● **Information**:
########################################

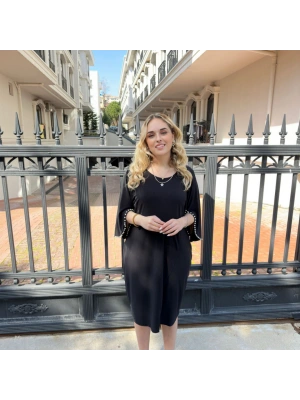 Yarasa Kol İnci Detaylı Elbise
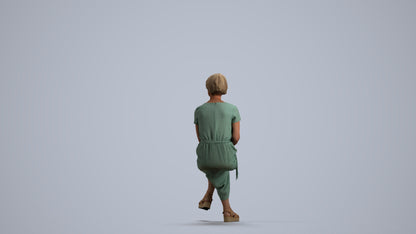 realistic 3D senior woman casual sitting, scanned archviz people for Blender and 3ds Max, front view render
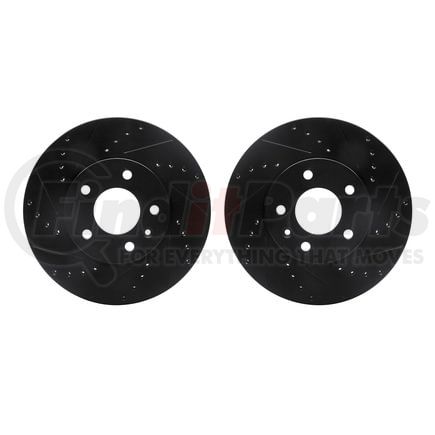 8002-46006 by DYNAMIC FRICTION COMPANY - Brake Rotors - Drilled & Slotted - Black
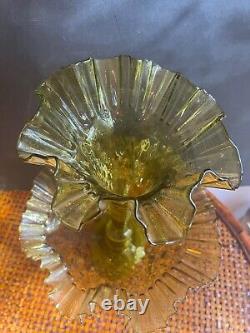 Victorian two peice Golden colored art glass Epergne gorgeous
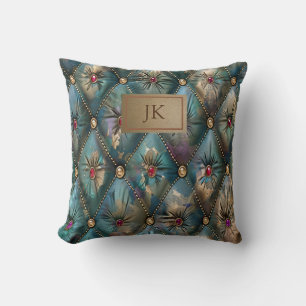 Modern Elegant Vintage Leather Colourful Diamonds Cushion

########################################

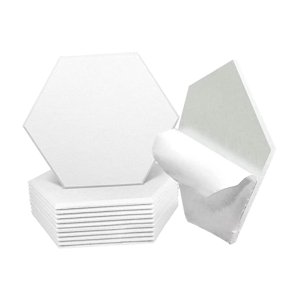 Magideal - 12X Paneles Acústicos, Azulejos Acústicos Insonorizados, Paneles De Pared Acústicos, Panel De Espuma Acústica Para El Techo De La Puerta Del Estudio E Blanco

########################################

Print exactly the lines above that run from the one with "8002-46006 by DYNAMIC" down to the one with "Modern Elegant Vintage", and omit the pictures.

● **Output for this exercise**:
 8002-46006 by DYNAMIC FRICTION COMPANY - Brake Rotors - Drilled & Slotted - Black
 Victorian two peice Golden colored art glass Epergne gorgeous
 Modern Elegant Vintage Leather Colourful Diamonds Cushion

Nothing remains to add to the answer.